Jack is a retired DOJ-Federal Bureau of Prison’s employee with over 30 years of experience working with the incarcerated, attorneys and law enforcement. While employed with the government, he worked in case management capacities for the Correctional Programs Division, which included assignments in the Philadelphia Regional Office and the New York City Community Corrections Office.
Jack participated in national policy writing workgroups, auditing facilities, and trained facility staff throughout the Northeast United States. During his career, he received three national awards and over 30 meritorious performance awards.
Prior to his Federal government service, Jack was a Probation & Parole Officer in the Commonwealth of PA (Pike County). He received an Honorable Discharge from the US Army where he served as a Military Policeman and Stinger Missile Gunner.
Jack’s passion is prison reform and he also serves on several non-profit boards. He is a member of the NACDL Corrections Committee and is the chair for an ABA sub-committee on BOP policy. He has testified on Federal prison issues throughout the United States and provided training to Federal Defenders, Judges and the CJA Panel.
Aside from his private business, Jack is the co-founder and VP of Prisonology, LLC and the Director of Case Management Services for FedCURE .
Jack’s perspectives have been quoted in the national media including Forbes, The New York Times, and Bloomberg News. He has also appeared in documentaries on CNBC and for the Center for Public Integrity.
After retiring from the Federal Bureau of Prison, Jack became involved with federal prison reform in D.C. but it wasn’t until Hampton approached him that he realized the even greater need to support our community and local justice initiatives. His belief is the nature of our rural area presents unique challenges and has not escaped the nation crisis from addiction and the damaged it has caused. Furthermore, our local resources are lacking and fragmented so Jack feels we can fill a void to support individuals as well as the local organizations with a similar focus.

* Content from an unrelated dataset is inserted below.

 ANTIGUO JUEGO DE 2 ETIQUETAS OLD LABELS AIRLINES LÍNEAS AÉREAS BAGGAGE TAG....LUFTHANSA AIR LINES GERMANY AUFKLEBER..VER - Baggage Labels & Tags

What Jack really appreciated was the pro bono volunteer work the organization has done over the years as opposed to the people he worked with within the DC beltway that are well “paid” reformers with more of an alliance to the organization and politics rather than the individual requiring the resources. He believes this organization can be a positive factor going forward and hopes to help develop various needed programs and services.